Hope someone else can add that to the talk page or maybe they decide its good enough for the article.

Thanks and God bless you!

Sincerely yours,


I've moved your comment here, Antonio. I don't really get your explanation, though: if you can post on Talk:Main Page, then you can't be blocked! And sorry, but I don't know anything about the story you mention above, so I can't really comment on it. -- Oliver P. 00:45 May 7, 2003 (UTC)


I can only comment that I don't see how it is relevant in any way. I'm sure we could come up with a million examples of lots of people believing silly things, but that doesn't help describe the thing in an encyclopedic way. An example or two may not be out of place, but certainly it would be better to come up with a supporting example from someone more relevant than "Miss Universe's Mom", like a semi- serious researcher or something. LDC


In the context of the article:

"While the dream telepathy experiments results were interesting, to run such experiments required many resources (time, effort, personnel). Other researchers looked for more streamlined alternatives. These led to the so-called ganzfeld experiments, which have been most closely followed in recent times and have provided perhaps the strongest experimental evidence of telepathy to date; above chance by .05 percent."

an anonymous user inserted the following question:

"The probability of a coin toss turning up heads is .5; that is, if a coin is tossed 100 times it seems it should show heads one half of time (50) because there are only two possibilities. But in reality this rarely occurs. It is just as probable that the coin could show heads 100 times, 40 times, 60 times etc. because the .5 probability is for "each seperate" toss. What is .05 percent above chance?"

Given a run of 100 tosses of a fair coin, it is most emphatically not the case that all possible numbers of heads are equally likely.

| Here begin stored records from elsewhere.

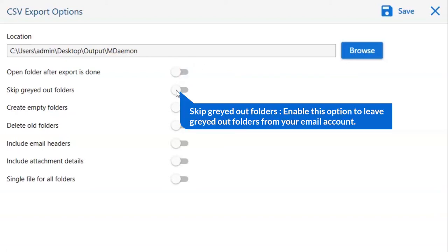The next is skip grayed out folder. Enable this option to leave grayed out folders from your email account.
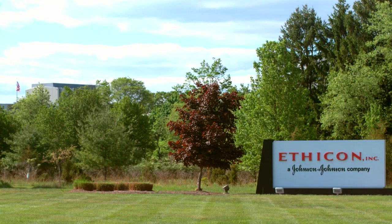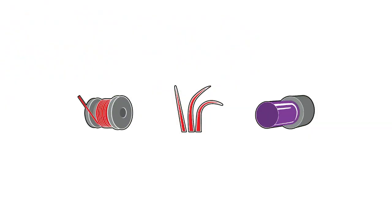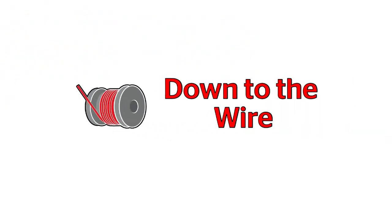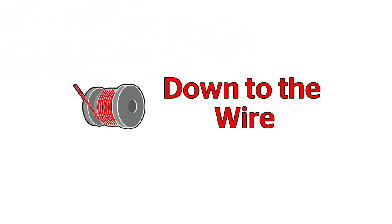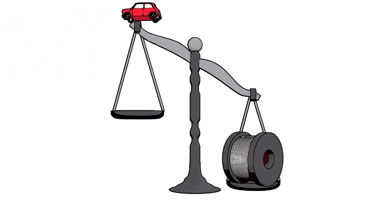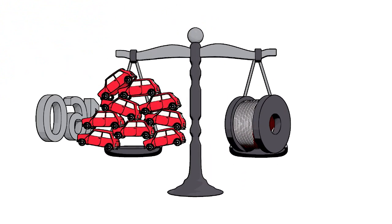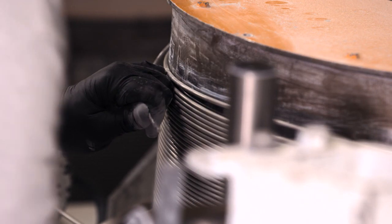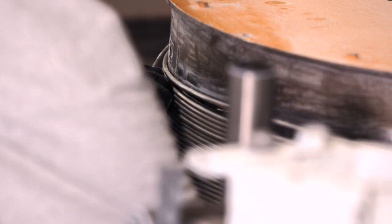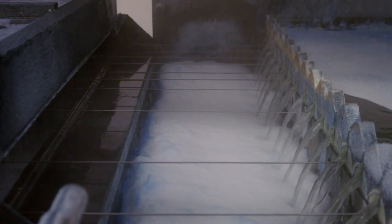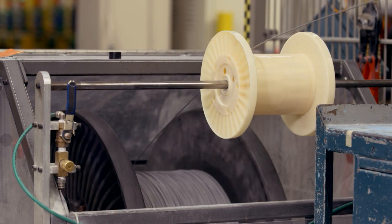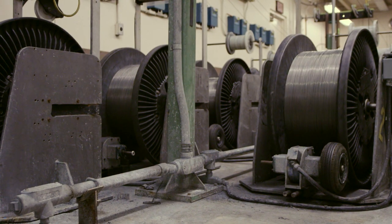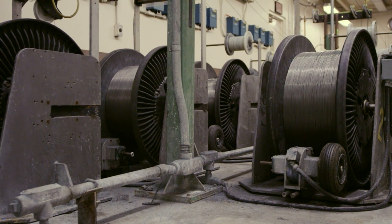Their journey to greatness starts here at the Ethicon wire mill, where each year the weight of 160 cars in wire is stretched, heated, and bathed until it reaches a precise diameter and meets stringent specifications.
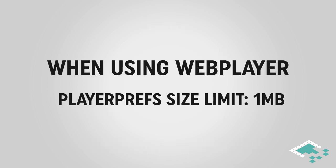Another thing, just to quickly note—this isn't necessarily a con, but if you're using Unity for the web player platform, there is a limitation of a one megabyte size on the PlayerPrefs file, which still is quite a bit of room, but just be aware of that.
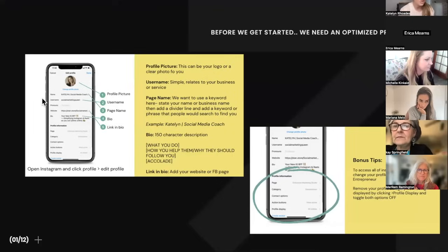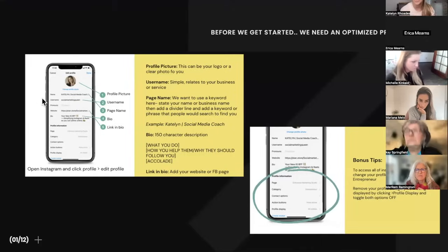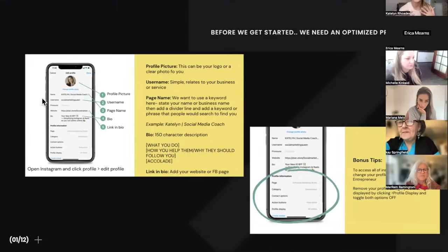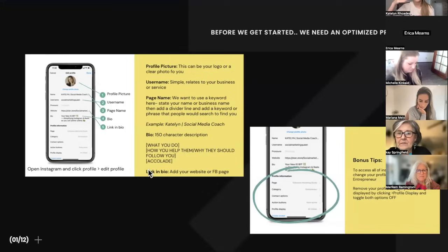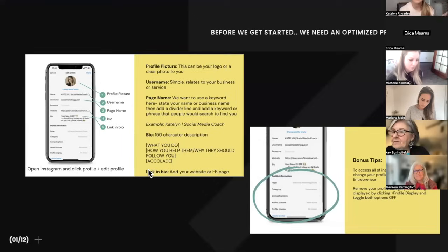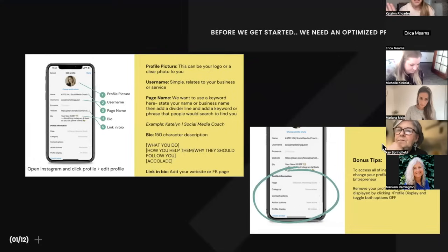Your bio is 150 characters. The way I break it up is: what do you do, how do you help people, why should they follow you, and then any accolades, awards, or experience that makes them say 'I want to use her or him.' Then your link in bio — send them to your website, your Stan store where people can purchase from you, or your Facebook page if you don't have anything else.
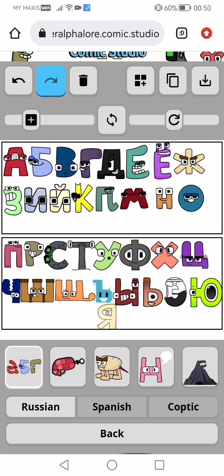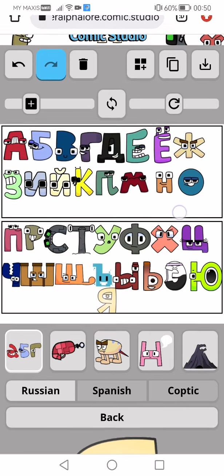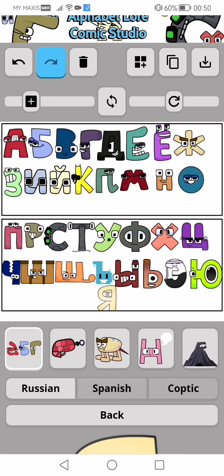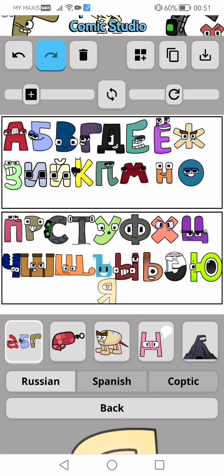These are the ones from part one and these are the ones from part two. Part one has sixteen characters, and part two has seventeen characters.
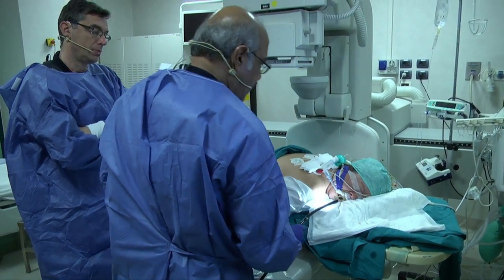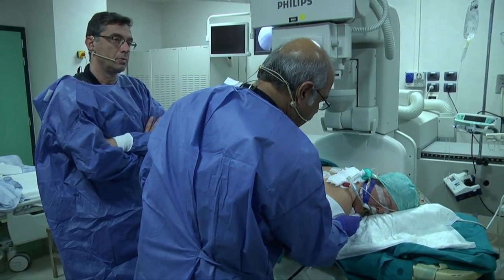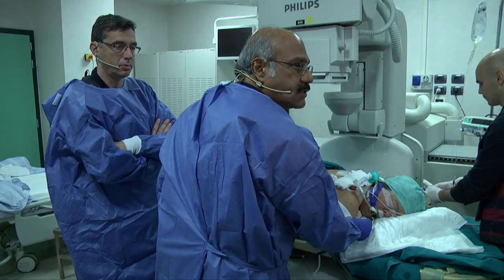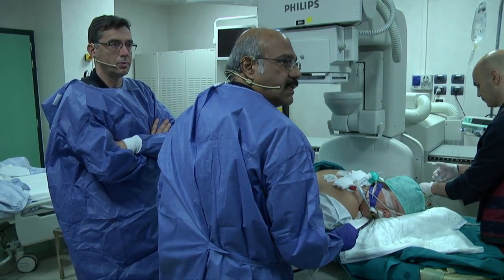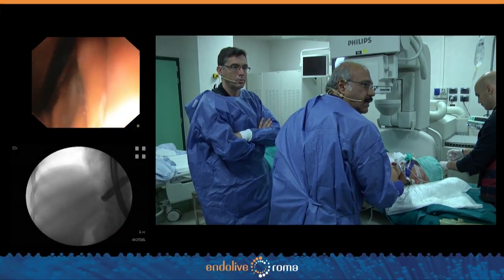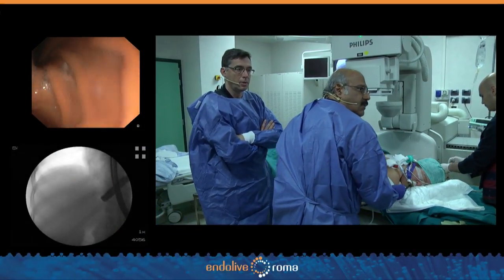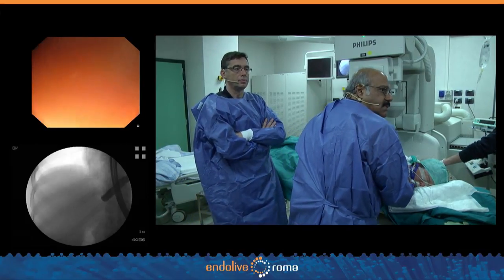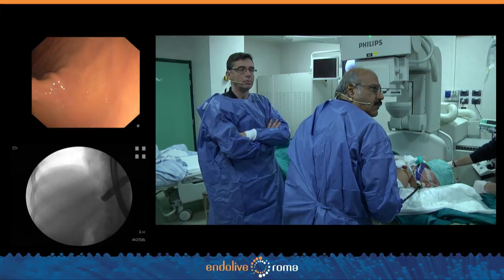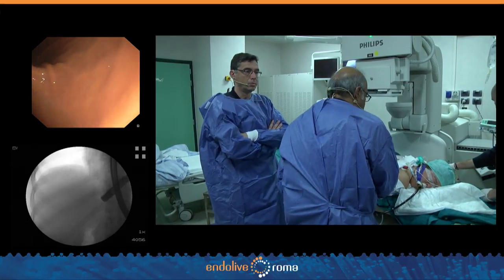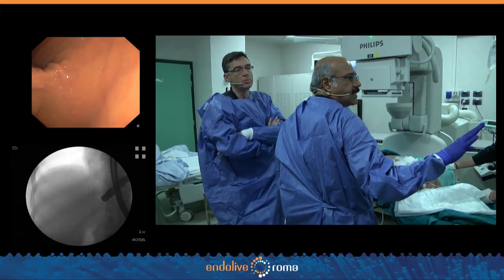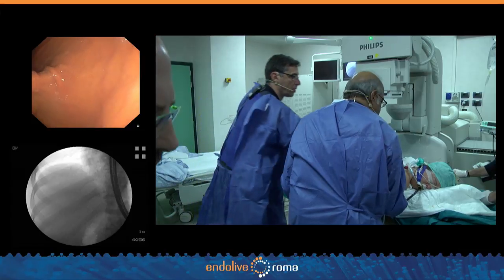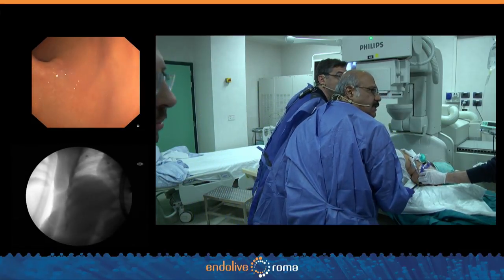We're going to go down into the duodenum and have a look at the lesion before deciding what to do. The procedure is ampullectomy, but we need to study the exact location of the papilla — that's very important. The patient is in a prone position, though when totally prone, getting up to the pylorus can be difficult, so we turn the patient a little left lateral to make intubation much easier.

The probability of getting exactly 50 heads and 50 tails is the binomial coefficient "100 choose 50" divided by 2 to the 100th power, i.e. 100!/(((50!)^2)(2^100)), which is about 0.0796, i.e. a little more than 1 in 13 times on average. Even if that is small enough to say that it is a "rare" occurence, it is still true that this outcome is more probable than any other outcome. For example, the probability of getting 40 heads and 60 tails (or vice versa) is about 0.0108, or about 1 in 100 times on average. The probability of getting all heads (or similarly all tails) is extremely small, about 7.89E-31.

One should read/follow the chain of articles (the source material referred to in external links, not the Wikipedia articles) to find the analysis and strict meaning of the phrase ".05 percent above chance". Not being a statistician, I am hesitant to answer that. (But I do know enough about probability to calculate the probabilities of coin tosses.) I would understand the phrase to refer to the fact that data in the experiments had a higher "hit" rate than the expected value assuming random guesses (the equivalent of coin tosses). How significant the figure ".05 percent" is, again, I cannot say, not being a statistician. Grizzly 08:17, 16 Jun 2004 (UTC)

Learning telepathy & chance

The humorous thing is: to learn telepathy, you first think of chance, and later realise, that it actually isn't. But it helps a lot developing!

Want to learn telepathy? Go, get some knowledge on the 3rd eye chakra. Books are awailable at Llewelyn on these topics. You might want to check out.

ProClub

USA & USSR

Anyway, the US and the Russian did great efforts on getting telepathy, remote viewing and other stuff like this to work for them during the Cold War

ProClub 20:44, 8 Aug 2004 (UTC)


Neurokinetics?

Nothing to do with Dyanetics- don't worry. The guy(?girl) who wrote the last paragraph of intro to Telepathy re: Einstein and Quantum/string stuff was dead on. I'm not willing to raise my head in the real quantum physics pages, but does anyone else out there beleve in the possibility of Heisenberg scale probability waves? The behavior of charged particles as a medium of transmission for subtle neurosynaptic disturbances? I'm hoping I can pass these ideas off to someone who can run with them. I haven't actually tested the game myself, but it's the best idea I've got, right now. Please don't hesitate to take my ideas and run. If they pan out that just means I'm not insane. I don't care who gets the credit. Wikipedia kicks ass.